Greetings from the Big Apple! You will all be happy to know that I survived the first three days of being home. It was doubtful at first whether or not I would make it, and I will concede that there were some spotty patches along the way (most of which involved me proselytizing on the benefits of eating at least 5 servings of fruits and/or vegetables a day), but I like to think that now that the first leg is over it will be semi-smooth sailing from here.
So what have I been up to, you ask? Mainly cooking. And eating. And running. Is it really so different from what I do in Boston? I did 6.7 miles on Saturday and then on Sunday, I started a $20 trial membership at the local New York Sports Club. This gym was beautiful. I mean, gorgeous. Each cardio machine had its OWN tv. I think that I foresee myself starting up a real membership when I move back. It's a bit pricy but I'm willing to cut costs elsewhere to avail myself of all of their equipment. I also made a trip to the Amish Market that was in the same shopping complex as the NYSC. Does anyone else out there swoon when entering a really great gourmet market? Or is it just me? I refrained from buying anything that wasn't what I went in for (pre-baked polenta) but I plan on making a trip back for some essentials before I go back to Boston. They had tons of varieties of Italian whole wheat pasta, as well as faro, which I have been searching for. Also, many MANY varieties of bbq sauce. I see more pulled pork in my future.
As many of you may have guessed, I am Catholic. By birth. Personally, I am more agnostic than anything else. I disagree with many of the trappings and rules of the Roman Catholic religion, and I can't really say that I believe that Jesus actually rose from the dead, but I do believe that there is some higher power out there. You can agree, disagree, have no opinion...so be it. It is also my contention that, if there is a god, he (or she) is going to evaluate a person based on their morality and inherent "goodness" and not on what specific religion he adhered to, so to each his own. My parents, though mostly lapsed, still follow some of the conventions of Catholicism. My mother insists on getting ashes on Ash Wednesday, for instance. She doesn't go to church any other day of the year, but you better believe that she will be making an appearance on that day in February. She thinks it will save her soul for the rest of the year. Or something like that. For some reason, my parents are also very serious about sticking to the no meat on Fridays thing this year, so it was my job to come up with either a fish or vegetarian dish for Friday's dinner. As I believe I've mentioned before, my father and brother are meat and potatoes kinds of guys. They like their animal protein source along with some carb, so to satisfy their cravings I decided to make a simple fish dish along with some mashed potatoes. The fish was good, not amazing. I really liked the way that the bread crumbs kind-of melted into the top as the fish baked. The mashed potatoes were the real hit though. They were based off a Rachael Ray recipe that I had been planning to make for a while but never got around to. All-in-all a pretty well balanced meal.
Baked Flounder with Tomatoes and Bread Crumbs
Serves 4, adapted from the Food Network
2 lb flounder fillets
2 lb tomatoes
3/4 cup bread crumbs
2 cloves garlic
2 tbsp olive oil
salt and pepper, to taste
1. Preheat oven to 350. Bring a pot of water to a boil. Score the tomatoes and blanch for 1 minute. Rinse with cold water and then peel. Remove the seeds from the tomatoes and chop up the meat.

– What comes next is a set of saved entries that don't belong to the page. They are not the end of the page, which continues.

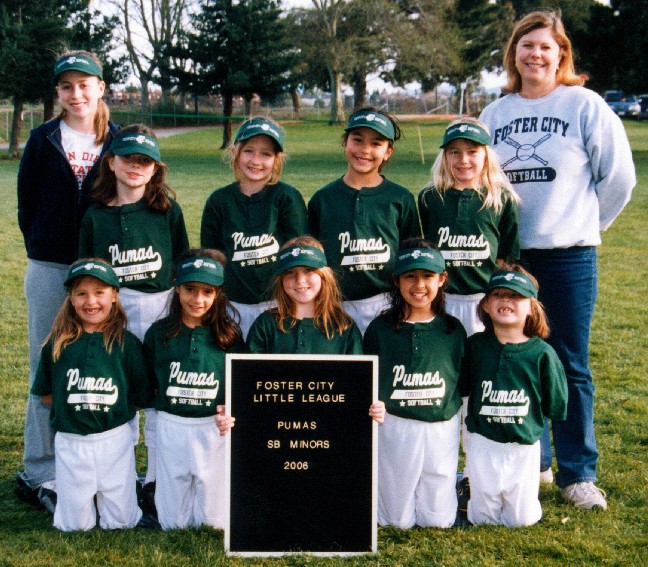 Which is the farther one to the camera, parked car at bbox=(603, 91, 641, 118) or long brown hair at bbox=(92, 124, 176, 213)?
parked car at bbox=(603, 91, 641, 118)

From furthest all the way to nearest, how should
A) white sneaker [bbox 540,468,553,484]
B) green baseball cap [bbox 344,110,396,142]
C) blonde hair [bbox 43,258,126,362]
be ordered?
white sneaker [bbox 540,468,553,484] → green baseball cap [bbox 344,110,396,142] → blonde hair [bbox 43,258,126,362]

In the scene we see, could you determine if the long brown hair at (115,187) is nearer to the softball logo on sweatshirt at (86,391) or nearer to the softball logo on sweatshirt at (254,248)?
the softball logo on sweatshirt at (254,248)

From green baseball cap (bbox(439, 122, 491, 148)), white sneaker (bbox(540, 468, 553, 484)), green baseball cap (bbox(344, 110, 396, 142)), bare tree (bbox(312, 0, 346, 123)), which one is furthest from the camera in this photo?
bare tree (bbox(312, 0, 346, 123))

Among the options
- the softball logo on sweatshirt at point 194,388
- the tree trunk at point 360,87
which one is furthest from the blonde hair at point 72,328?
the tree trunk at point 360,87

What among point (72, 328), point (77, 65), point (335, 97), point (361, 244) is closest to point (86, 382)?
point (72, 328)

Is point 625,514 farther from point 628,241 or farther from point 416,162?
point 416,162

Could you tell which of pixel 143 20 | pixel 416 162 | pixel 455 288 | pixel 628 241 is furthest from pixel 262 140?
pixel 143 20

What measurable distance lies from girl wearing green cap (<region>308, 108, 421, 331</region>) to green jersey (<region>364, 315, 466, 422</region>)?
1.07ft

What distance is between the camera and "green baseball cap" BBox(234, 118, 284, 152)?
439 cm

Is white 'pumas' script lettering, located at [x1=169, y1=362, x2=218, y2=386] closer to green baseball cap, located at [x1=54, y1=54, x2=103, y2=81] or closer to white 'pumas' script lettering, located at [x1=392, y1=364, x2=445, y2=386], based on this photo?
white 'pumas' script lettering, located at [x1=392, y1=364, x2=445, y2=386]

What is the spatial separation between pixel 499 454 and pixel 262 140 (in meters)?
2.00

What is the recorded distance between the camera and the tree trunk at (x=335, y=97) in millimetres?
51031

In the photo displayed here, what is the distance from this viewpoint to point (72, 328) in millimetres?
4070

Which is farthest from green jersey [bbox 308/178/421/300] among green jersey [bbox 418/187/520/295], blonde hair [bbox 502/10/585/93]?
blonde hair [bbox 502/10/585/93] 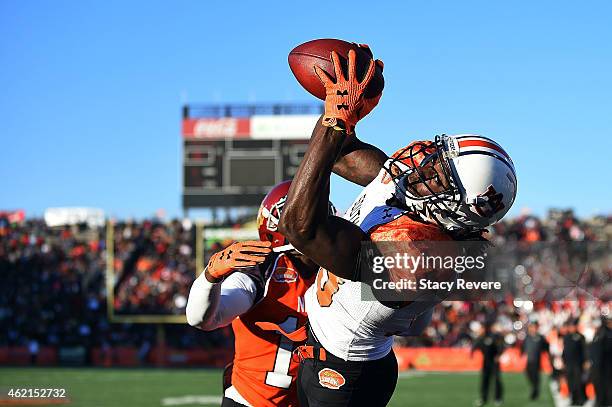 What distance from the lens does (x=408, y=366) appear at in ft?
87.8

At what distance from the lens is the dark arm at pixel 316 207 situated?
119 inches

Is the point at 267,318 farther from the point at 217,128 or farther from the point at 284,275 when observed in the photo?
the point at 217,128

2. In a non-stick skillet, heat the olive oil. Saute the garlic for 30 seconds and then add the tomatoes for a few minutes.
3. Spray a baking pan with cooking spray. Place the flounder fillets in the pan. Salt and pepper them. Sprinkle with breadcrumbs so that they are completely covered and top with tomatoes. Bake for 10 minutes.
Garlic Mashed Potatoes with Spinach
Serves 6, adapted from Rachael Ray
3 lb potatoes, cubed
1 lb baby spinach
4 tbsp butter (I used light butter)
4 cloves garlic
1/2 cup half and half
salt and pepper to taste
(the original recipe also called for nutmeg, which my father doesn't like so I excluded it although I bet it would have added a nice nuttiness)
1. Place potatoes in a pot and cover with water. Salt the water and bring to a boil. Cook until potatoes are fork-tender.
2. While potatoes are cooking, spray a saute pan with some cooking spray. Add the spinach in increments and cook until all is wilted. Remove to a dish and, when cool, squeeze out the excess water.
3. When potatoes are ready, strain them and set them aside. In the same pot, melt the butter. Add the garlic, minced, and cook for 2 minutes on low heat. Add in the half and half and spinach. Mix in the potatoes and mash to desired consistency. Salt and pepper them to taste.